Second, federal firearms dealers — who are not document examiners and have no legal authority to second-guess a customer’s stated identity — would be put in the position of either refusing sales they have no clear basis to refuse, or processing forms the DOJ may later argue are fraudulent.
The DOJ filing acknowledges this awkwardness in passing and says the agency expects to “issue further guidance” on dealer responsibilities.
The civil rights response
The ACLU, the National LGBTQ Task Force, and Lambda Legal each issued statements within hours of the rule’s publication characterizing it as a felony trap rather than a recordkeeping correction. The Task Force described the rule as designed to “criminalize the routine act of buying a legal product” and said it would chill trans Americans’ access to a constitutional right.

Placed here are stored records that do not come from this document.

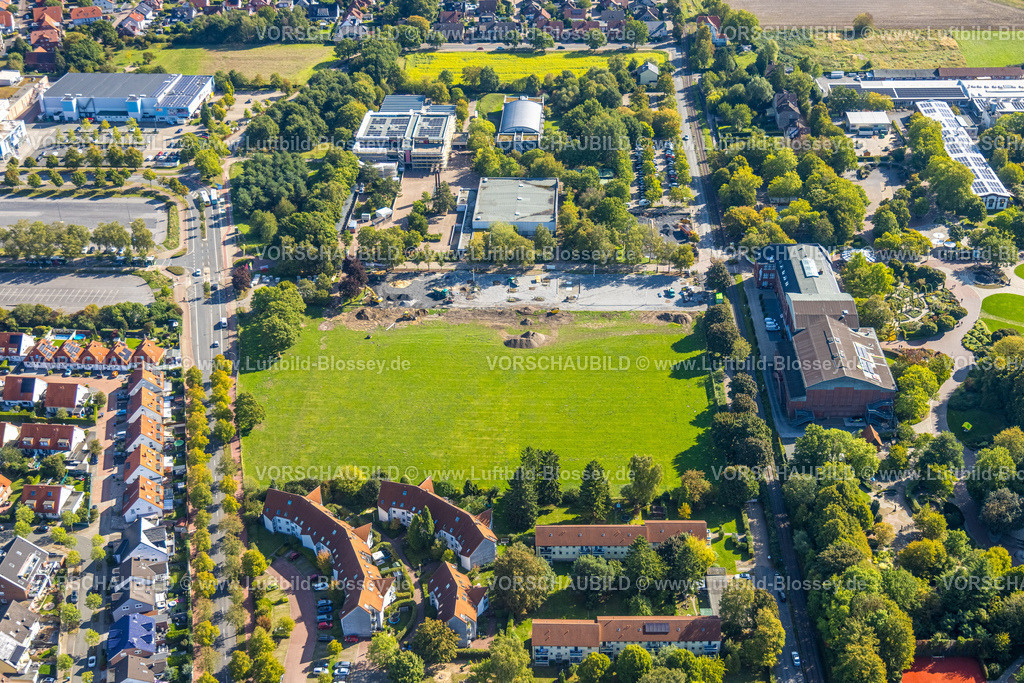 Hamm250901282 | Luftbild, Freiherr-vom-Stein-Gymnasium und Baustelle, Eingangsbereich Maximilianpark, Uentrop, Hamm, Ruhrgebiet, Nordrhein-Westfalen, Deutschland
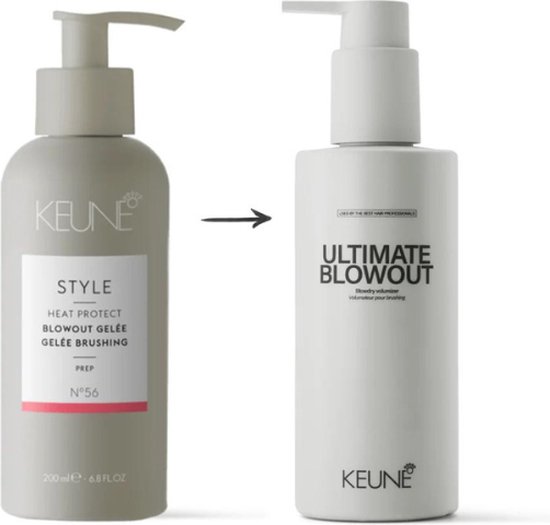 Twee Keune haarproducten naast elkaar: een grijze fles STYLE HEAT PROTECT BLOWOUT GELÉE en een witte pompflacon ULTIMATE BLOWOUT.
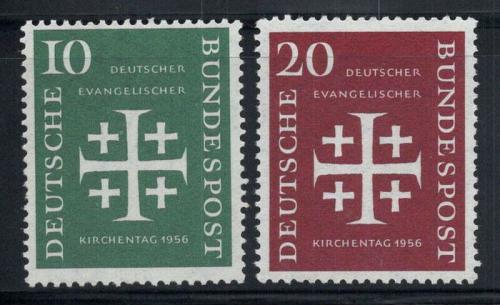 Poštové známky Nemecko 1956 Den nìmeckých evangelíkù Mi# 235-36 Kat 9€
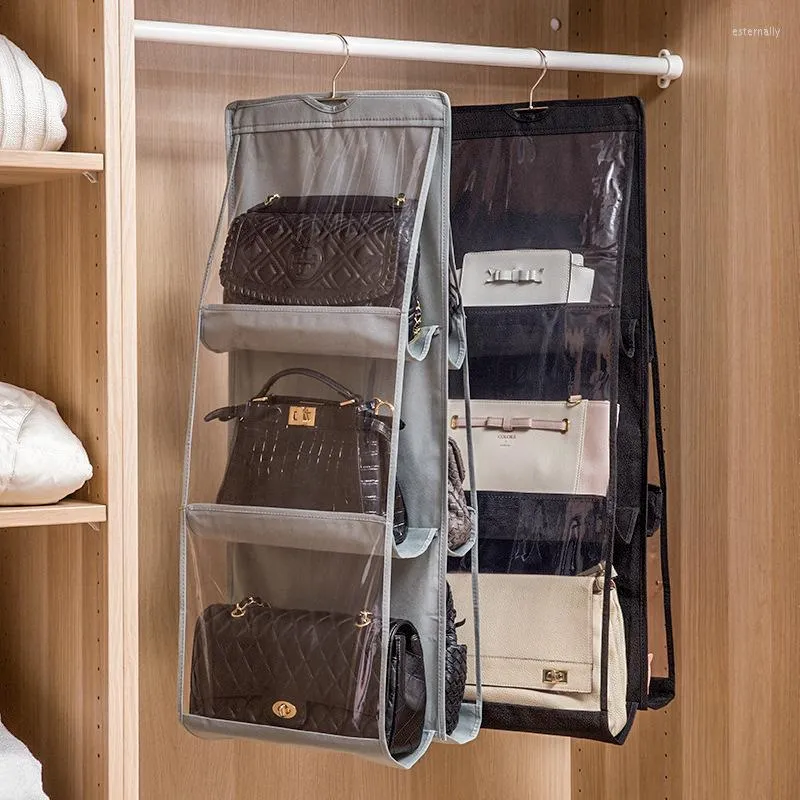 Storage Bags 6 Pocket Hanging Handbag Organizer For Wardrobe Closet Transparent Bag Door Wall Clear Sundry Shoe With Hanger Pouch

The Second Amendment community is, as it often is on issues like this, divided. The Pink Pistols, the longest-running LGBTQ+ firearms organization in the country, called the proposed rule “an active threat to the Second Amendment rights of our members.” Several conservative gun rights groups have not commented.
Legal experts told The Trace and other firearms-policy outlets that the rule is almost certainly headed to court the moment it is finalized. The combination of an executive order, a rule predicated on it, and a chilling effect on a constitutional right is a familiar litigation pattern — and one the federal courts have been active on.
Where this fits in the broader pattern
This is the latest in a long series of administrative actions flowing from EO 14168. Federal employee benefits have been narrowed. Passport sex markers are no longer being updated. The Bureau of Prisons was ordered to house trans women in men’s facilities until a federal judge in Oregon enjoined parts of that policy in April. HUD has rolled back trans-inclusive shelter rules. The Department of Education has opened Title IX investigations into colleges that admit trans women.
The firearms rule is administratively narrower than any of those — it changes one form — but it is structurally similar in design: take an existing federal process, redefine a single term to exclude trans recognition, and let the criminal-penalty infrastructure already attached to that process do the rest of the work.
What happens now
The proposed rule enters a public comment period. Civil rights organizations and Second Amendment groups are expected to file extensive comments. Several state attorneys general have already signaled they will challenge a final rule in court, and at least one trans veterans’ organization is preparing to seek pre-enforcement injunctive relief on First and Second Amendment grounds.
Trans Americans who lawfully own firearms today are, under current law, in no different position than they were last week. The rule has not been finalized. ATF Form 4473 still reads as it has read for years. But the proposed rule, if implemented, would change the calculus of every future purchase — and would do so in a way that turns a routine transaction into a potential federal felony for a class of citizens defined entirely by who they are.
That is the part that civil rights groups are warning about. The federal courts will get the next word.